**Task details:** Please return exactly the lines from the top of the data through the line that contains "Pre Owned Miu", and skip all pictures.

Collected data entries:
====

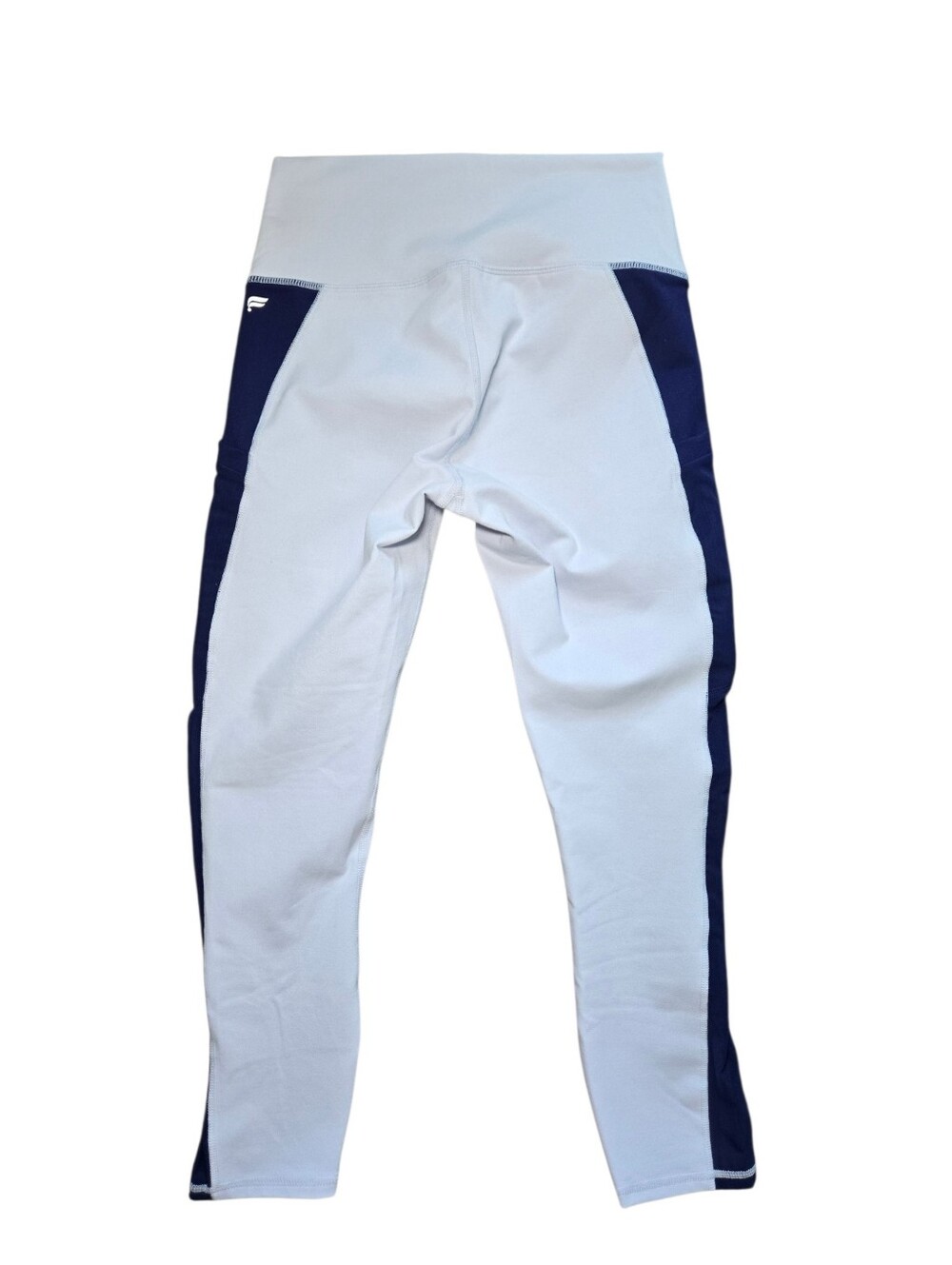 Fabletics White Leggings with Navy Side Panels - Picture 7 of 11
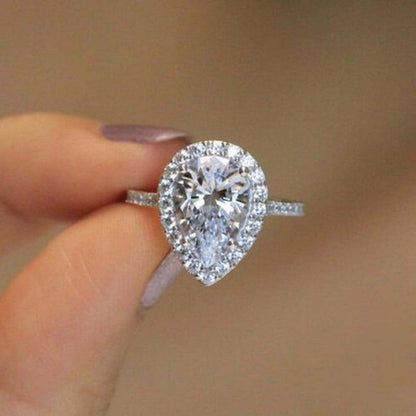 Pear Halo Solitaire Engagement Ring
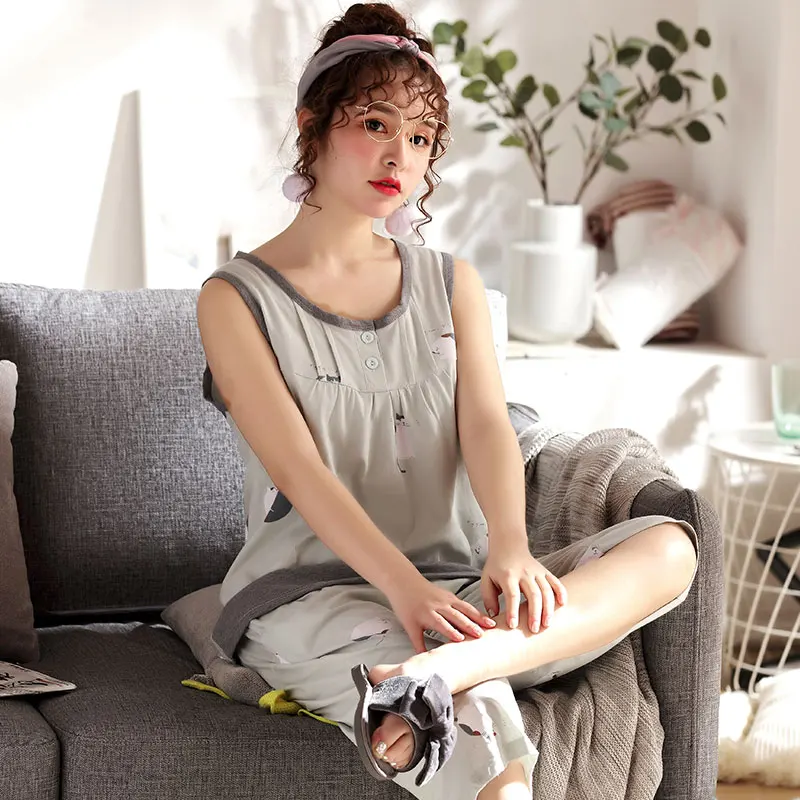 Жилет пижамы сезон: весна лето с круглым вырезом 100% хлопковые для женщин без
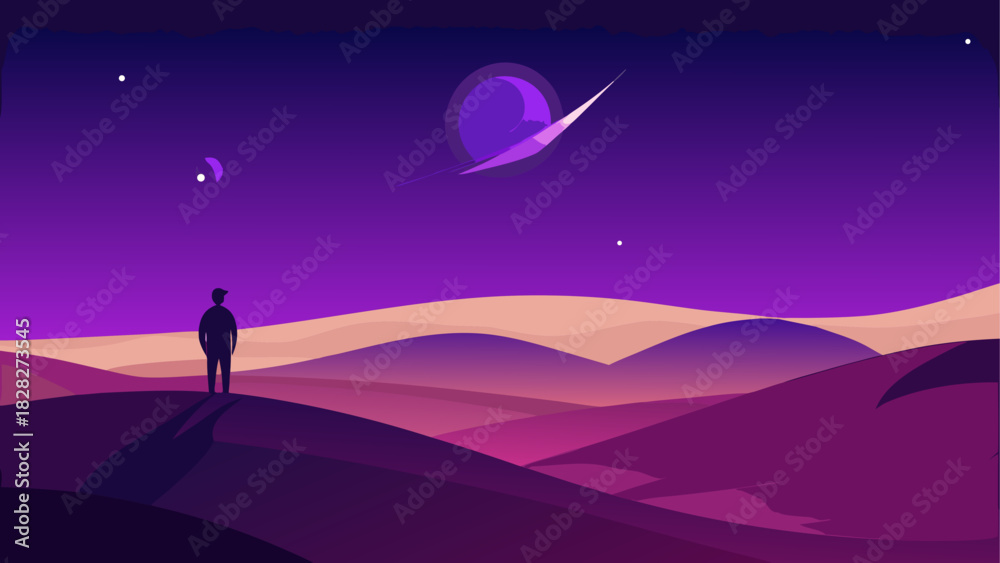 Fototapeta premium Silhouette person on dunes under celestial bodies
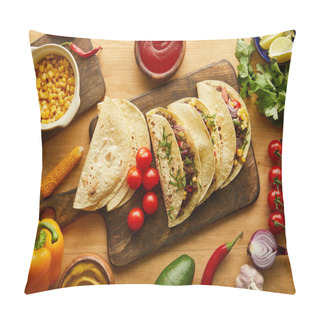 Personality  Top View Of Tacos With Meat And Fresh Ingredients On Wooden Table Pillow Covers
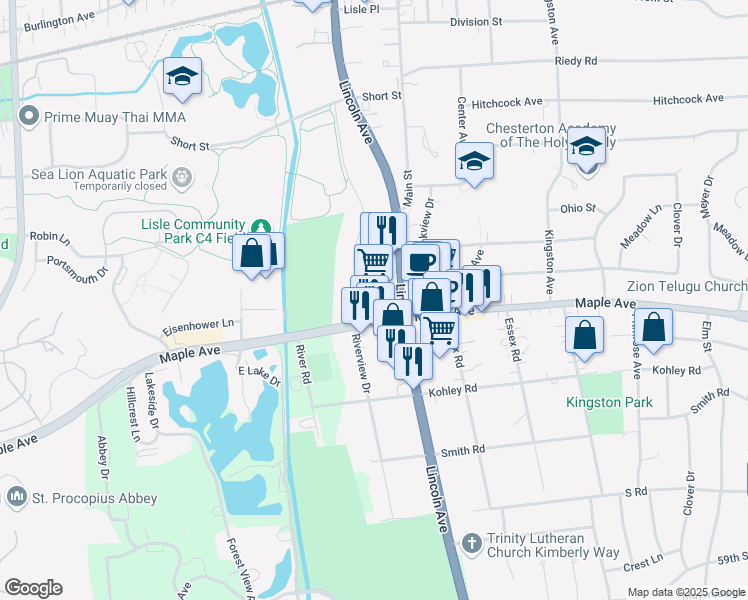 map of restaurants, bars, coffee shops, grocery stores, and more near 1156 Maple Avenue in Lisle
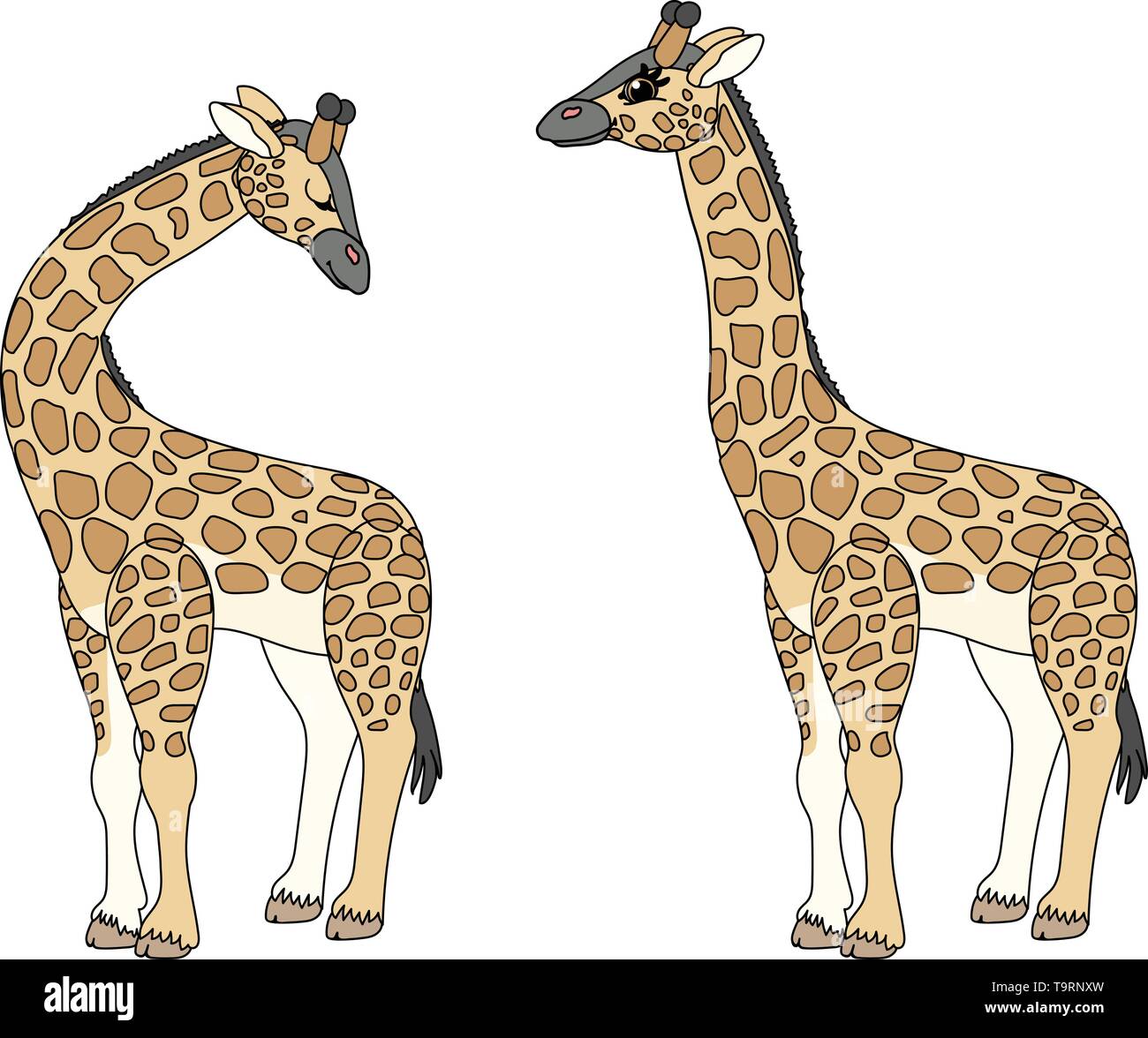 vector scandi cartoon animal clip art lady giraffe Stock Vector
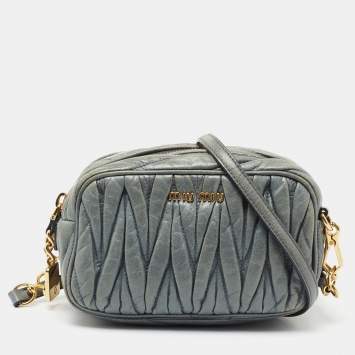 Pre Owned Miu Miu Blue Matelasse Leather Camera Crossbody Bag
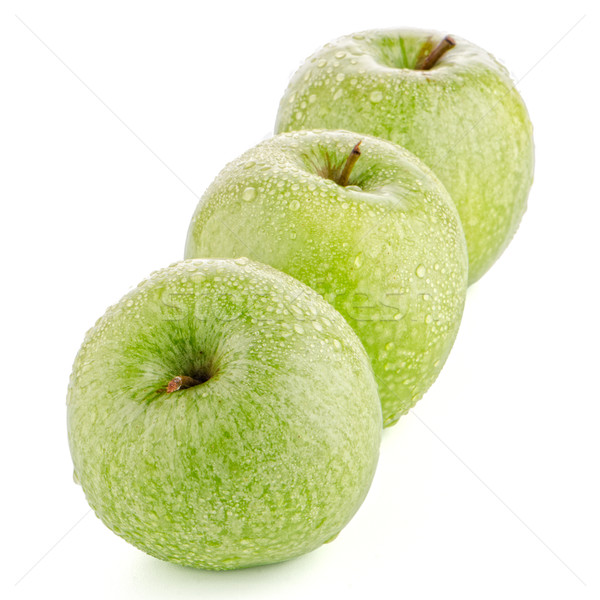 Foto stock: Três · fresco · verde · maçãs · branco · maçã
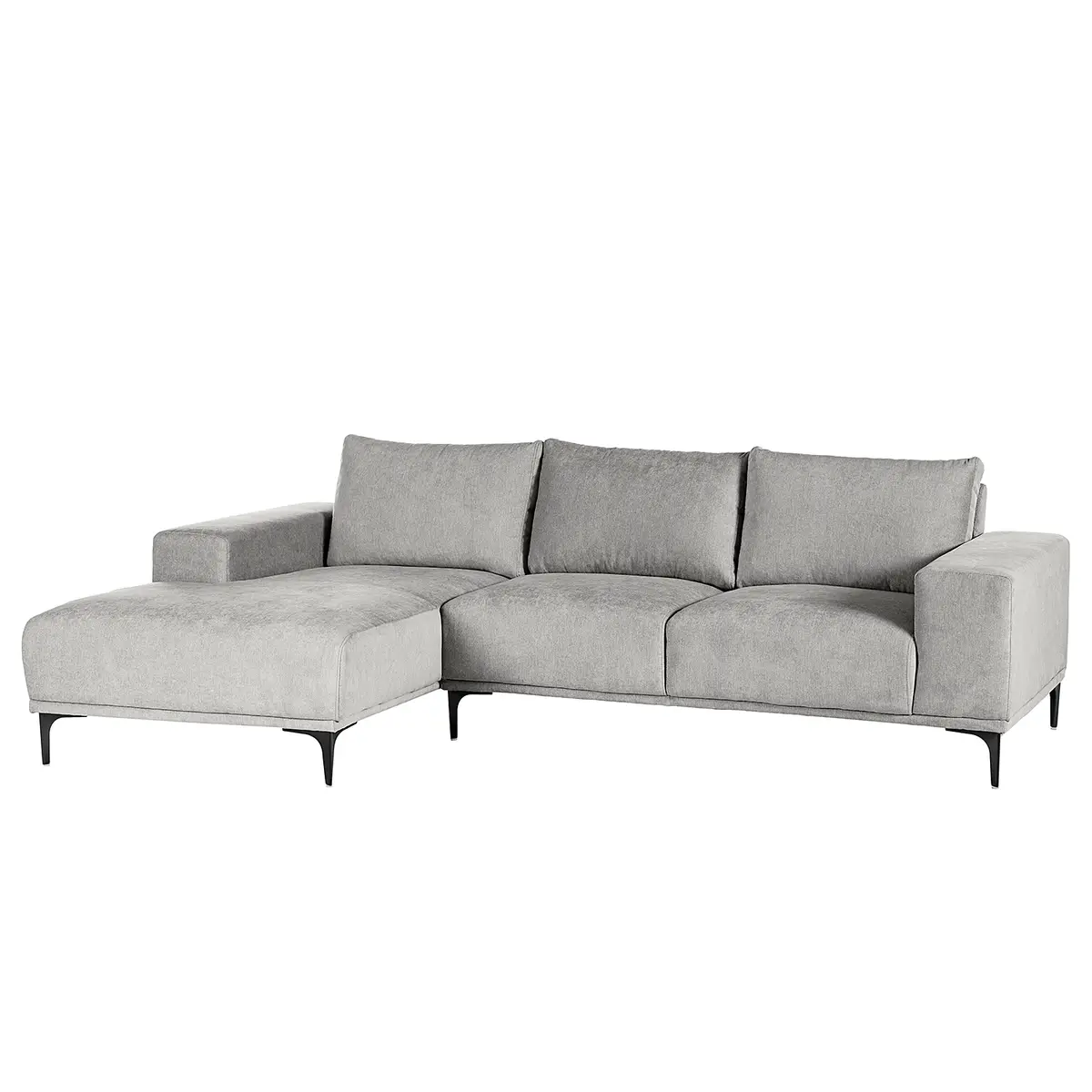 Ecksofa Grau/Grau Microfaser Hoku | Grau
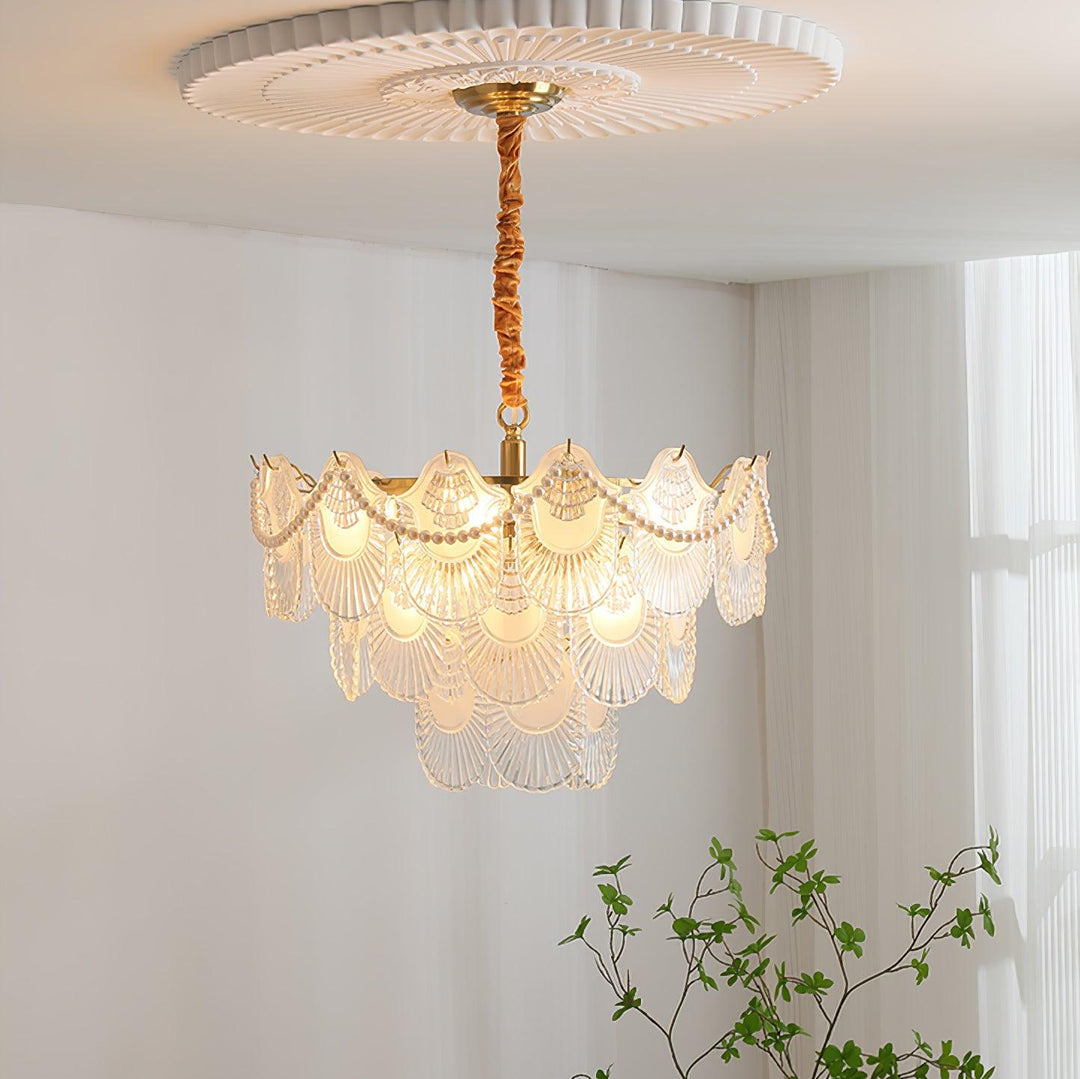 Liorelelle lampadario Gusci in vetro Perla
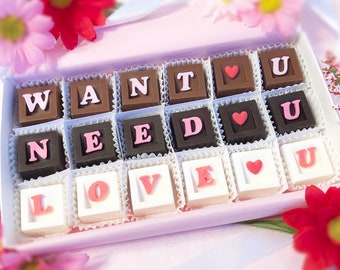 Want You, Need You, Love You Chocolates - Chocolate Gift for Him - Boyfriend Gift - Girlfriend Gift - Valentine Chocolates - Gift for Her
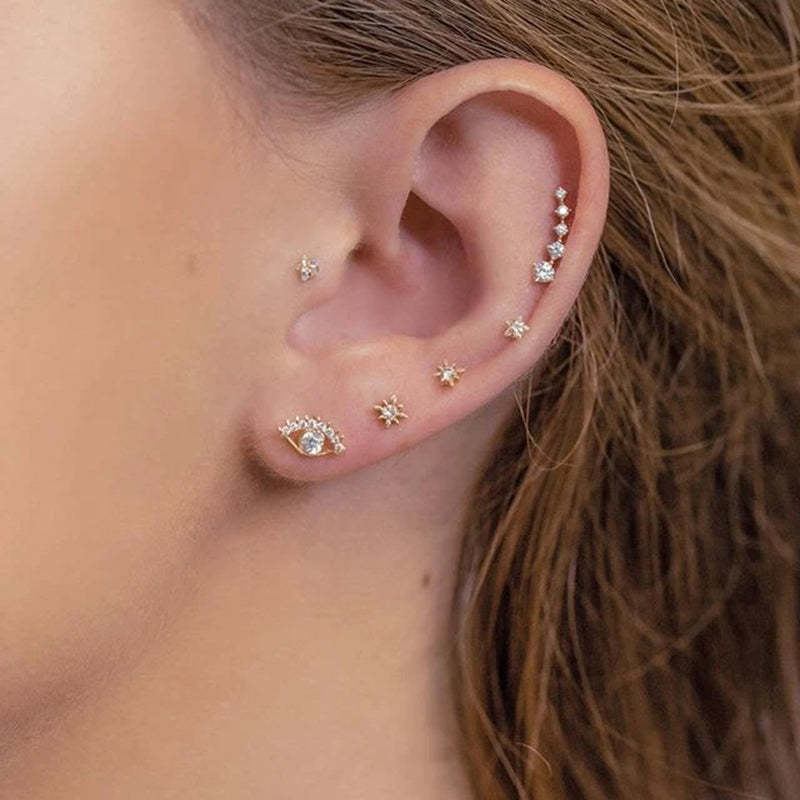 S925 Olara Gold Vermeil Curved Zircon Climber Earring-Olarajewelry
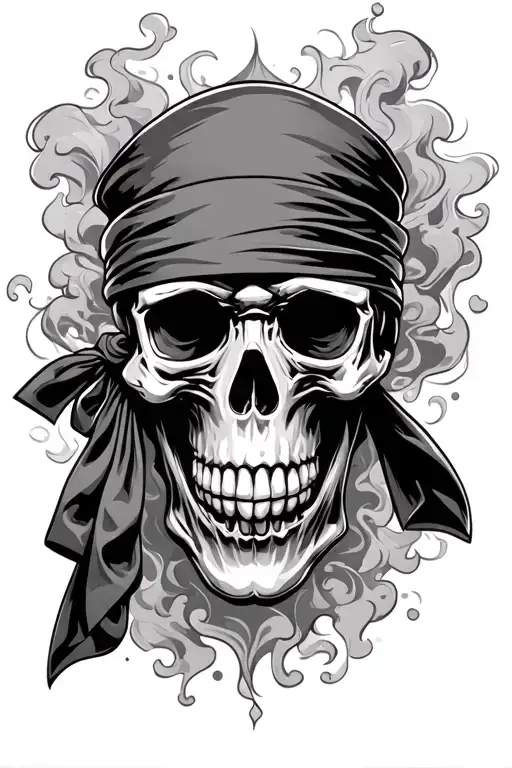 Skull Surrounded By Smoke And Bandanna Being A Gangster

====

**Exercise solution:**
 Fabletics White Leggings with Navy Side Panels - Picture 7 of 11
 Pear Halo Solitaire Engagement Ring
 Жилет пижамы сезон: весна лето с круглым вырезом 100% хлопковые для женщин без
 Fototapeta premium Silhouette person on dunes under celestial bodies
 Personality  Top View Of Tacos With Meat And Fresh Ingredients On Wooden Table Pillow Covers
 map of restaurants, bars, coffee shops, grocery stores, and more near 1156 Maple Avenue in Lisle
 vector scandi cartoon animal clip art lady giraffe Stock Vector
 Pre Owned Miu Miu Blue Matelasse Leather Camera Crossbody Bag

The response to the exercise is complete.